Bu ayet; kocaları vefat edip iddetini doldurmayı bekleyen kadınlarla nişanlanmak veya nikâhlanmanın caiz olmadığını göstermektedir.  Fakat bu müddet dört ay ve on gün içerisinde üstü kapalı arzuyu göstermenin veya kalpte böyle bir arzu saklamanın caiz olduğunu beyan etmektedir.  Zira insanın arzusu içgüdüseldir, kadınlara meyli nevi içgüdüsünün bir tezahürüdür, insanın böyle meyletmesi önlenemez, Zaten İslam bunu yasaklamaz, ancak onu durumlara göre düzenler.
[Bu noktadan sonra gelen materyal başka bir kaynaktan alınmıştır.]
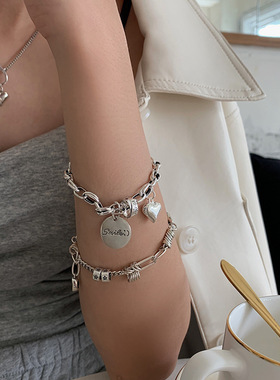 2025纯银复古做旧爱心手链女ins小众设计圆牌学生冷淡风复古简约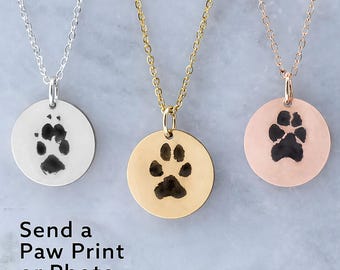 Sterlingzilveren ketting met hondenpootafdruk • Gepersonaliseerde huisdierherdenkingssieraden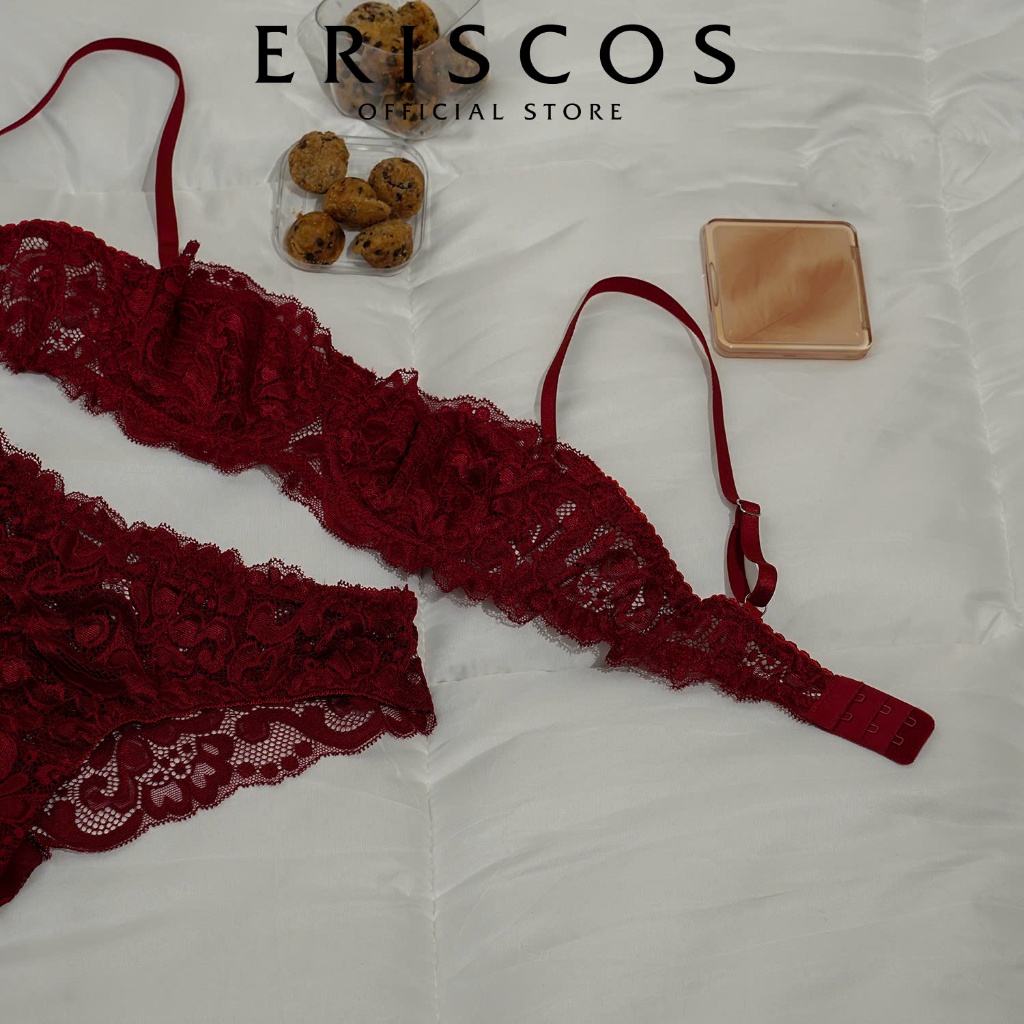RedLove - Bộ đồ lót ren có gọng không mút ERISCOS thiết kể áo quả ngang tôn form dáng chất vải ren mềm mịn thoáng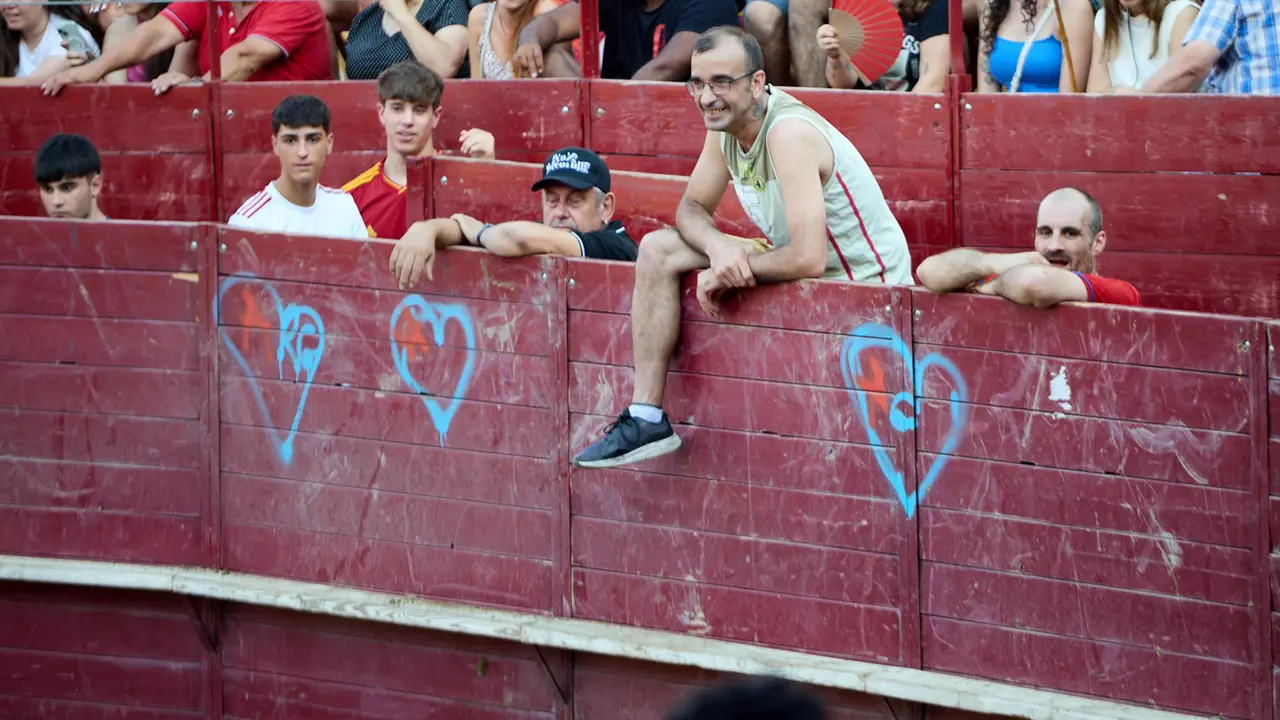 Vacas en la Plaza de Toros durante las fiestas de Arguedas 2025 tras el encierro del Estrecho con la ganaderia de Víctor Ustárroz de Arguedas. IÑIGO ALZUGARAY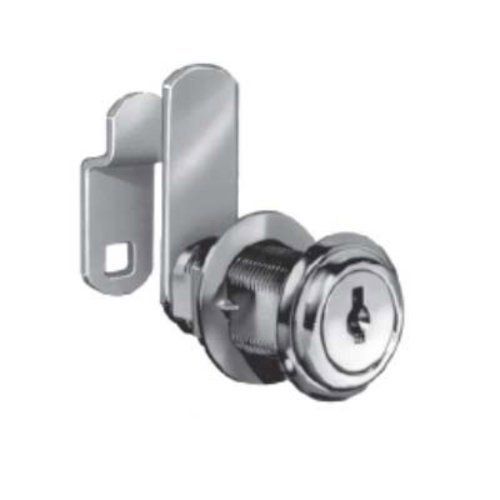 A close up of a key lock on a white background.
Allahu Teala, erkeğin kadına ve kadının erkeğe meylini insan içinde yaratmıştır.  Bu nedenle, “sizin onları düşüneceğinizi bilmektedir” ifadesini kullanmıştır.  Bu içgüdüye nevi içgüdüsü deriz. Bunun bir tezahürü ise erkeğin kadına ve kadının erkeğe meyletmesidir.  İslam, içgüdüleri yasaklamadığı gibi köreltmemiştir. Onu tanzim edip mazbut ve güzel şekle sokmuştur.  Evet, böyle kadınlarla evlenebilirsiniz, fakat iddetlerini doldurduktan sonra.  Böylece bu müddet hem kadının hamile olmadığına dair kesinlik kazandırır hem de kadının üzüntülü dönemini atlatmasını sağlar. Aksi halde kocasına hiç değer vermediği ve başka biri ile evlenmek için sanki ölümünü beklediğine dair dedikodular ortaya çıkar.  Bu nedenle, bu konuya saygı göstermek için bunlarla evlenmeyi düşünen kimseleri sakındırdı.  Aynı anda üstü kapalı, indirek sözleri sarf etmelerini yasaklamadı. Ayette  فِيۡمَا عَرَّضۡتُمۡ بِهٖ : Tariz ettiğiniz, indirek, dolaylı söylemektir. Ama sözlerden maksat anlaşılır. Misal olarak; “bu kadın salihtir, keşke bu kadına benzer bir kadınla evlenebilsem, Allah buna benzer bir kadın bana versin” ve benzeri üstü kapalı, indirek sözler sarf edebilir.  Bu sözlerden, adamın kadına rağbetinin var olduğu anlaşılır. Fakat doğrudan sözler sarf etmek veya seninle evlenmek için sözleşelim demek caiz değildir.  Gizlice onunla nişanlanmak da kesinlikle caiz değildir.  Ancak marufa göre söz söylemek caizdir.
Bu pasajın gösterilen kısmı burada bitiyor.